— Action item —
Please output every entry below exactly as written, leaving out any pictures.

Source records
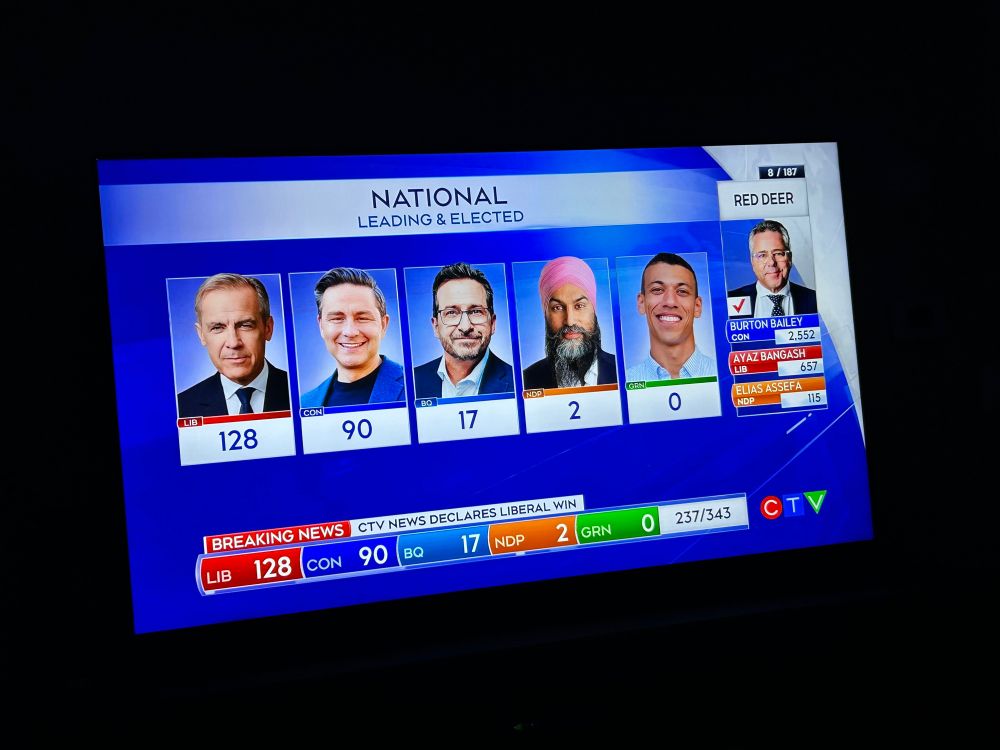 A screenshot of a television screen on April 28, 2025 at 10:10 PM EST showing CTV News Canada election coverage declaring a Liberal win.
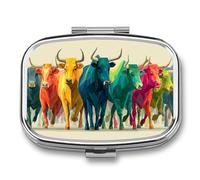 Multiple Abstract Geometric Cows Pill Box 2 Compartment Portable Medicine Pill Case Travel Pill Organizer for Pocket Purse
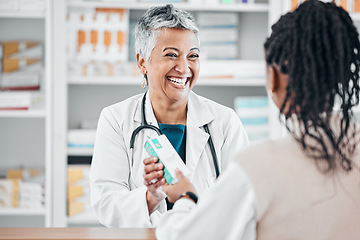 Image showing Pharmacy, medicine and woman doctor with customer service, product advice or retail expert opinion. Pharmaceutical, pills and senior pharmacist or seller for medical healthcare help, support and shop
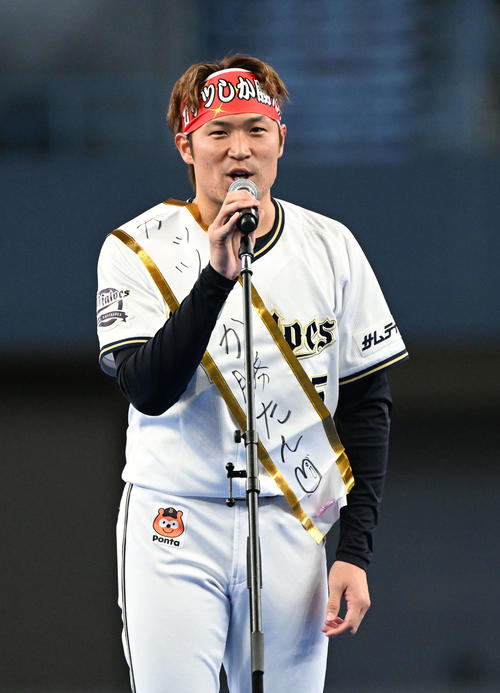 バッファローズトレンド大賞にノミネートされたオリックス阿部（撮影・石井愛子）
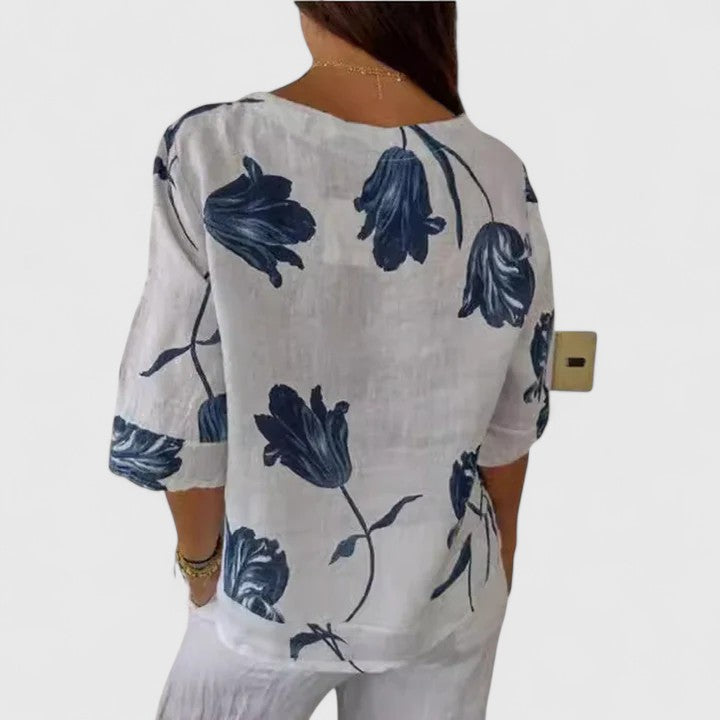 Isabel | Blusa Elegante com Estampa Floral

— Result of the task —
 A screenshot of a television screen on April 28, 2025 at 10:10 PM EST showing CTV News Canada election coverage declaring a Liberal win.
 Multiple Abstract Geometric Cows Pill Box 2 Compartment Portable Medicine Pill Case Travel Pill Organizer for Pocket Purse
 Image showing Pharmacy, medicine and woman doctor with customer service, product advice or retail expert opinion. Pharmaceutical, pills and senior pharmacist or seller for medical healthcare help, support and shop
 バッファローズトレンド大賞にノミネートされたオリックス阿部（撮影・石井愛子）
 Isabel | Blusa Elegante com Estampa Floral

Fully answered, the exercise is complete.